Condom promotion is, therefore, a cost-effective health strategy. Sadly, Kenya has a shortage of condoms, among other contraceptive commodities, at the point of service delivery despite officials indicating that they have been stocked at Kemsa.
Anybody with a cervix can get cervical cancer. Yet the disease has been falsely associated with promiscuity and witchcraft, increasing stigma and shame among patients. There is also been strong opposition against vaccination based on myths.
Timely cervical cancer information dissemination through community agencies, schools, digital platforms and health facilities to both parents and caregivers, women, men and young persons is the ultimate solution to promoting health-seeking behaviour, increased cervical cancer immunisation and addressing myths, misconceptions, stigma and related morbidity and mortality.

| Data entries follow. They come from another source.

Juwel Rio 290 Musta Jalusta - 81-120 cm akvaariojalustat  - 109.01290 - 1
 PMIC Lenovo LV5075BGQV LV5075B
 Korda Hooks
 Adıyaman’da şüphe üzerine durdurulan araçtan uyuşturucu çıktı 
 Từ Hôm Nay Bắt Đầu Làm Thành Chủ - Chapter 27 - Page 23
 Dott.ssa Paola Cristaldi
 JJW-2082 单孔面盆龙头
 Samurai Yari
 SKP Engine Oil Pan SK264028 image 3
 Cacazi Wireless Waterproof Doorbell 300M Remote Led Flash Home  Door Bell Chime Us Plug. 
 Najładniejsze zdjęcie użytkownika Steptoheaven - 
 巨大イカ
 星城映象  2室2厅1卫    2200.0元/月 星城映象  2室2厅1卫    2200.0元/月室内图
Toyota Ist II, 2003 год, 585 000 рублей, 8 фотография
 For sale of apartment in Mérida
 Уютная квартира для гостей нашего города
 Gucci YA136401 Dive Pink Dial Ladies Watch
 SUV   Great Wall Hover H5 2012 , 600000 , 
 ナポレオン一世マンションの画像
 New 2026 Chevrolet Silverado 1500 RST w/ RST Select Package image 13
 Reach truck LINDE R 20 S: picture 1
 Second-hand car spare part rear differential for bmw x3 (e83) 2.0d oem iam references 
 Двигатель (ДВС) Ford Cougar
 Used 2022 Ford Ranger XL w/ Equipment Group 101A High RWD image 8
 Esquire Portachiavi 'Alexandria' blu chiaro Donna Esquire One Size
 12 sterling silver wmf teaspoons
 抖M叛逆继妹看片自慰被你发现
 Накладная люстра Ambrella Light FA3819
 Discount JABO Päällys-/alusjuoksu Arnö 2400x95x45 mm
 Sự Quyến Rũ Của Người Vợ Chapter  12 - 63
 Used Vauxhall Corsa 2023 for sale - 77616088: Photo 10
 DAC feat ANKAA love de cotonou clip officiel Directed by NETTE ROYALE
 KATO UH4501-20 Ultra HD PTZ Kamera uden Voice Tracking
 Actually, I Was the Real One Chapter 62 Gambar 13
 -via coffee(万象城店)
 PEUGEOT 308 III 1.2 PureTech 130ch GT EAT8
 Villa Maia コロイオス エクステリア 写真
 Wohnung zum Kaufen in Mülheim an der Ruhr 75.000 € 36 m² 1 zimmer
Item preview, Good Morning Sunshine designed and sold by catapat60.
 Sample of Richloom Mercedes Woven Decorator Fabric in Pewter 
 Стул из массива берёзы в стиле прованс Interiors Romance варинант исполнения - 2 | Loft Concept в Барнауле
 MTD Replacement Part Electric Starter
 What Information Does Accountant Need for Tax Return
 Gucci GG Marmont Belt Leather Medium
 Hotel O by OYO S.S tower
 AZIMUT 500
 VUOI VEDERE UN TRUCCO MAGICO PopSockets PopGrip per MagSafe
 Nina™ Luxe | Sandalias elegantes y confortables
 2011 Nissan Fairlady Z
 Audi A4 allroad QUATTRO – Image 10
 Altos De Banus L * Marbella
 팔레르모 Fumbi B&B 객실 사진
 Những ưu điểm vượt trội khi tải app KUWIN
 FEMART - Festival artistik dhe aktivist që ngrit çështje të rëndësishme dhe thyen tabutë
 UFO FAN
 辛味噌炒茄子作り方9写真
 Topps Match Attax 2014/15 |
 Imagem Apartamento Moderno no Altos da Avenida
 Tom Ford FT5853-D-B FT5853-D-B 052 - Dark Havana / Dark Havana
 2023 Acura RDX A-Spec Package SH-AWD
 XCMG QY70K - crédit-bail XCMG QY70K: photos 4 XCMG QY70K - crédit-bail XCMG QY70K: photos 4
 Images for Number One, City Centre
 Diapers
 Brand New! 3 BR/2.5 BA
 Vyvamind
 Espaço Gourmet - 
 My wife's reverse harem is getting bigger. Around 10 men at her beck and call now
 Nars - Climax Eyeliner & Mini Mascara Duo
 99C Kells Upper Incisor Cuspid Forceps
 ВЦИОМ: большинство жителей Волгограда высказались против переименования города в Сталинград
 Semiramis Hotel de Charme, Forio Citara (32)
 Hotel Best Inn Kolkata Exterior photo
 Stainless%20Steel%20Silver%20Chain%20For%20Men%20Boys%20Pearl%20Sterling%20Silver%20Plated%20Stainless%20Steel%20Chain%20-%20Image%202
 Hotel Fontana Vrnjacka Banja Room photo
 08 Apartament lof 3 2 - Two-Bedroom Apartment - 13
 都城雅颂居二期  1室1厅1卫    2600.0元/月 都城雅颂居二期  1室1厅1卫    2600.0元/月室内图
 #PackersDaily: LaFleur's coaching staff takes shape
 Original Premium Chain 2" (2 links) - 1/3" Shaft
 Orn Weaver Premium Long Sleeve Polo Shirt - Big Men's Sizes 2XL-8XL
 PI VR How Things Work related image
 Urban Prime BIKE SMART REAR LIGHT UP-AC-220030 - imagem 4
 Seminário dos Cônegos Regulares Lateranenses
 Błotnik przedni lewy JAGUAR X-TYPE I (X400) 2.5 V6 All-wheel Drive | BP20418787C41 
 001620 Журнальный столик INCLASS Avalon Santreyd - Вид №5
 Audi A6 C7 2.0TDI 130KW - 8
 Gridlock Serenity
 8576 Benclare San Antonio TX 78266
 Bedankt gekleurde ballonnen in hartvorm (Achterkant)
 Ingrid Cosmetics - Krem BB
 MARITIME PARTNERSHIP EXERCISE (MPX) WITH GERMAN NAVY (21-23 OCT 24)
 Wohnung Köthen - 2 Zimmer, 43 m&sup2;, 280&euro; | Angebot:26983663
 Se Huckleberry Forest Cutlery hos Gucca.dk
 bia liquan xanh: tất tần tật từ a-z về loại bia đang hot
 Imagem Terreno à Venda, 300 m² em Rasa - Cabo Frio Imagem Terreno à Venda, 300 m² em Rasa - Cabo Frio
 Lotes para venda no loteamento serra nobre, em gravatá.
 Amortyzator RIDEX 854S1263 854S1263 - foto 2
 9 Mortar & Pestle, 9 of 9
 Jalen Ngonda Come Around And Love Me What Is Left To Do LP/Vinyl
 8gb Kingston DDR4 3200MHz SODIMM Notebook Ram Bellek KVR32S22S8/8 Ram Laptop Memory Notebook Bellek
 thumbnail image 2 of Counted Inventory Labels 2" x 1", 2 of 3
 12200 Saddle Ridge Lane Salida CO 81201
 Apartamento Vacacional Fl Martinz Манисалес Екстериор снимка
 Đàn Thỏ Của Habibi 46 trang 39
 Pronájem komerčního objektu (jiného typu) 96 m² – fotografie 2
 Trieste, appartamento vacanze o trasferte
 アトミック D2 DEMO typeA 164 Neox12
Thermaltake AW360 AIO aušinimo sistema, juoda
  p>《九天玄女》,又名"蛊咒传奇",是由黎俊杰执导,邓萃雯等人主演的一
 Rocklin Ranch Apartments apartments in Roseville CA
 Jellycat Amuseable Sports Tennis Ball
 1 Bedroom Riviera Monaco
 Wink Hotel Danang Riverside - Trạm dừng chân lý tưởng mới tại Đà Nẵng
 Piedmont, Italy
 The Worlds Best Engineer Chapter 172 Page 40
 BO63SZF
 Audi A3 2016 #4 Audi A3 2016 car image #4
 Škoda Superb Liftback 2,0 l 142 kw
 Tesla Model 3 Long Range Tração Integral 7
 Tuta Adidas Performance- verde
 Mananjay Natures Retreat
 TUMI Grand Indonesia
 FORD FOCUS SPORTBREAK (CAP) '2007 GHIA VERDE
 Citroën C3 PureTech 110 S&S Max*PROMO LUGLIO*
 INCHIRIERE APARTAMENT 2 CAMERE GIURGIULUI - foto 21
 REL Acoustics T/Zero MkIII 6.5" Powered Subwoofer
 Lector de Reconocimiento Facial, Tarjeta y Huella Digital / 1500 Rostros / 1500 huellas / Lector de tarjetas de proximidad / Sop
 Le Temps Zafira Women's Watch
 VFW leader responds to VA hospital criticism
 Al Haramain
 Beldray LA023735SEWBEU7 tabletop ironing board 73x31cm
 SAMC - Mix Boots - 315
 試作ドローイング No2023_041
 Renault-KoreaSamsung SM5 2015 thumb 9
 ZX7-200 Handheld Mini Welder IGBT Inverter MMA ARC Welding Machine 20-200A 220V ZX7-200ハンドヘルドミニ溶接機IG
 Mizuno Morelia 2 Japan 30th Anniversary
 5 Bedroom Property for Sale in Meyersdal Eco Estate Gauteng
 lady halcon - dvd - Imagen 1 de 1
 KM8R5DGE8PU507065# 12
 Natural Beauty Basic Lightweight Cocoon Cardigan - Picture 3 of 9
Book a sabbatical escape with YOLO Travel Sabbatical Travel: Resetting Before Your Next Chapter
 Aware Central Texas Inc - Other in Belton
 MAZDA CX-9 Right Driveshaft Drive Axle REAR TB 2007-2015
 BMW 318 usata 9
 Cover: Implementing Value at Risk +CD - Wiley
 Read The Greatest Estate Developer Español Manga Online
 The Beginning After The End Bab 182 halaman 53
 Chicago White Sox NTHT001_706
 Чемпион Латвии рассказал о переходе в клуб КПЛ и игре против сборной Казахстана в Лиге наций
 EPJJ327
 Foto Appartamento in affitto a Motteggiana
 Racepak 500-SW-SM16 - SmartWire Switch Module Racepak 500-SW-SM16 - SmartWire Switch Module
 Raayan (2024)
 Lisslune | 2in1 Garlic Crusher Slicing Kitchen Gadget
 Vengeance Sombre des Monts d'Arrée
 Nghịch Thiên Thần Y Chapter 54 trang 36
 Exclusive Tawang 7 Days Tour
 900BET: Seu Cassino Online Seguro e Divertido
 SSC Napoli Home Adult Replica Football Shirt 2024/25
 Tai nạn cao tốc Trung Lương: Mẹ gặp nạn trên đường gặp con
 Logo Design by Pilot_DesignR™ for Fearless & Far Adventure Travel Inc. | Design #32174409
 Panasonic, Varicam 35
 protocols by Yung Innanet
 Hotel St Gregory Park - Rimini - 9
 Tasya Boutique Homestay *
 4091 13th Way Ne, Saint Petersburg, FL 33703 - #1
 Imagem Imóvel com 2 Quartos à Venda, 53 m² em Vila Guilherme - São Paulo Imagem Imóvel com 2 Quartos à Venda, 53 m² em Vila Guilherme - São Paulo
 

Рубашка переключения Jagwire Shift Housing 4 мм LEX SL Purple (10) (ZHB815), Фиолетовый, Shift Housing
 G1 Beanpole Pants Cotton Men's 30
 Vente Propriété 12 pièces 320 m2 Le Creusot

The need for male engagement and a gender-neutral stance is key in building social support for patients on cancer medication and garnering support for condom use among sexual partners to reduce risk.
Healthcare provider-level interventions for awareness are one of the missed opportunities in the general health system.
Healthcare providers should use all point-of-service provisions, including antenatal and postnatal visits, contraceptive, gynaecological visits and HIV care, to provide recommendations for awareness creation, screening, vaccination and treatment.
Governments should borrow lessons from other developed countries and include HPV vaccination as one of the childhood immunization through primary school programs as a long-term cervical cancer preventive intervention.
A multi-disciplinary and multi-sectoral approach will go a long way towards the realisation of the WHO 2034 mandate of cervical cancer elimination.